10 stoopid things about the TV racket Add to ...

Globe and Mail television critic John Doyle is attending the Television Critics Association winter press tour in Pasadena, Calif., this week.

The other day I was standing outside, trying to warm up for a while after being in a heavily air-conditioned conference room for two hours. About 10 feet away, an ABC employee was making a call on his cellphone. “He wants a large black coffee with two shots of espresso,” he roared into the phone. “He wants it right now. You better get on it right now. And I said right now!” Then he hung up and glared at me because yes, I was staring at him.

The TV racket is utterly ridiculous. Many of those who work in it are decent people and many are barking mad. Others are narcissistic nitwits. The right-now coffee was probably for some network exec or showrunner. The sort of person who believes that the intricacies of developing a copycat comedy are as important as the intricacies of creating peace in the Middle East. Pomposity is rampant. Arrogance is everywhere. Here, you see it up close and see that the TV racket is as crazy as its impact is vast. Herewith, a list of 10 stoopid things about it.

1. The lingo. Paul Lee, ABC’s head honcho, talking about some show he likes, says, “It’s sexy, it’s sticky, it’s more-ish, as the British say – you just want more of it.” So “more-ish” means you want more of it and “sticky” means you want it to stick around. Seriously, that is real TV exec lingo. An exact quote.

2. The look. It’s cookie-cutter. A lot of TV actors look the same. They’re short with big heads. It works for the camera. Wednesday night after the ABC party I was outside gawking. The ABC stars were leaving, the CBS stars arriving. It looked like a giant family convention in the hotel lobby, everybody related.

3. The thin thing. All the female actors from Desperate Housewives could sit together on the same bar stool. This is totally true. I measured. The bar stool, that is. And eyeballed the Wives.

4. The lies. “To be honest with you, it's hard to imagine the network without House,” Fox network boss Kevin Reilly said on Sunday. This is nonsense. The contracts of everybody on House are finishing this year. Of course Fox can imagine life without House. It is furiously developing a cheaper replacement. Mike Darnell, president of Alternative Entertainment for Fox, also said of American Idol host Ryan Seacrest, “It’s very hard to imagine the show without Ryan.” Right. Seacrest’s contract, worth $15-million (U.S.) a year, is also finishing. In this economy, you give $15-mil to a guy who merely hosts a show for five months?

5. The money. See Ryan Seacrest’s salary.

6. Kevin O’Leary. He’s on ABC’s Shark Tank, its version of Dragons’ Den, as well as CBC’s Dragons’ Den thing. He was at the ABC party on Tuesday night, I was told. Couldn’t miss him, in an electric pink tie. I spent 40 minutes looking for the blustering guy, to thank him for providing me with such a wealth of material. Never found him. If TV didn’t make stars of such people I wouldn’t be wasting my time.

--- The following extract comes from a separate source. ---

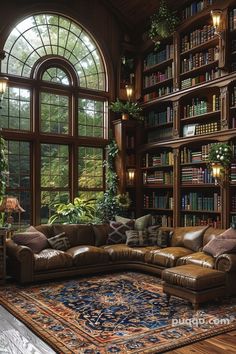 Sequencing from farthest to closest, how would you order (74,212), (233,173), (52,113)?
(52,113) → (74,212) → (233,173)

7. The “American Dream” thing. Apparently Fox’s American Idol is “all about making the American Dream come true,” according to judge Randy Jackson. So the “American Dream” involves mocking weird-looking people who can’t sing for weeks on TV before the competent karaoke singers arrive?

8. The fear of offending. The show GCB, based on the satirical novel called Good Christian Bitches, is described by ABC boss Lee as “actually very pro-religion,” and the show’s executive producer insists that “the church is sacred” in the show. Oh come on. It’s better to just admit that, yeah, some viewers might be offended. Because somebody always is.

9. The phony wars between shows. American Idol’s Jackson says NBC’s The Voice features “second-chance people” and its use of rotating chairs on set is a “rip-off of Star Trek.” Street fight! Smackdown! Oh for heaven’s sake, they’re all just silly singing shows.

10. The lack of originality. A lot of TV comedy and drama is simply derived from other TV comedy and drama, not the real world. Steve Levitan, who runs Modern Family, said here, “I actually tell the writers not to watch TV so it doesn’t kill story ideas.” Good move. A reason why his show is good.